Well, somehow the filesystem got corrupted and the device was refusing to boot, so I figure this is as good a time as any to document how I got things working in a much nicer way.

  1. Backing up existing files

    From my Linux desktop, I created a restore tarball to plop the soma-connect software and its configuration back onto the Pi’s filesystem after a reimage:

    cd /media/fluffy/rootfs
    tar czvf ~/soma-restore-overlay.tar.gz \
        var/soma-connect \
        etc/soma-connect-crontab.conf \
        etc/rsyslog.d/soma-connect.conf \
        usr/lib/systemd/system/soma-connect.service \
        usr/lib/soma-connect
    
  2. Imaging the Pi OS

    Using the Raspberry Pi Imager I prepared an SD card with Raspberry Pi 3, making sure to select the 32-bit OS this time, and configured it with ssh and audio.

    Then I mounted rootfs and then applied my overlay again:

    cd /media/fluffy/rootfs
    tar xzvf ~/soma-restore-overlay.tar.gz
    
  3. Booted the Pi and made some configuration changes

    After the first few boots finished (presumably with a multi-stage post-install provisioning thing that had to do some stuff), I had my desktop up.

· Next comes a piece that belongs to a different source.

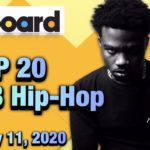 TOP R&B HIPHOP This Week | Billboard Chart | Top 20 l Top 10 (January 11, 2020)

I opened a terminal and verified that /usr/lib/soma-connect/soma-connect works (apparently 32-bit Raspbian actually has all of the required libraries already, go figure!).

    I then ran sudo raspi-config to make the following configuration changes:

    1. Under system > audio, selected “Headphones”
    2. Under system > boot, selected “Console text console” without autologin

    Out of an abundance of caution I also disabled pulseaudio (even though there’s no reason it should be starting up at all now):

    sudo apt remove pipewire pulseaudio
    

    It also appears that soma-connect requires a few other things to be installed:

    sudo apt install ifplugd
    sudo apt autoremove
    
  4. Enabled the SOMA Connect services

    sudo systemctl daemon-reload
    sudo systemctl enable soma-connect
    
  5. Configured shairport-sync:

    /etc/shairport-sync.conf
    general = {
        name = "bedroom";
    }
    alsa = {
        output_device = "hw:Headphones";
    }
    
  6. Rebooted the Pi, ensured that no GUI started at launch and that pulseaudio wasn’t running, shut it down, then moved it back to my bedroom speakers

And now music works again!

I still can’t get the SOMA Connect to work (this time it’s not even appearing in HomeKit for some reason?) but at least I Tried™.

Anyway, next up: figuring out how to stop this dang thing from bricking itself again, and maybe figuring out an easier backup/restore strategy. (I can’t help but wonder if my SD card is filling up with log files or something.)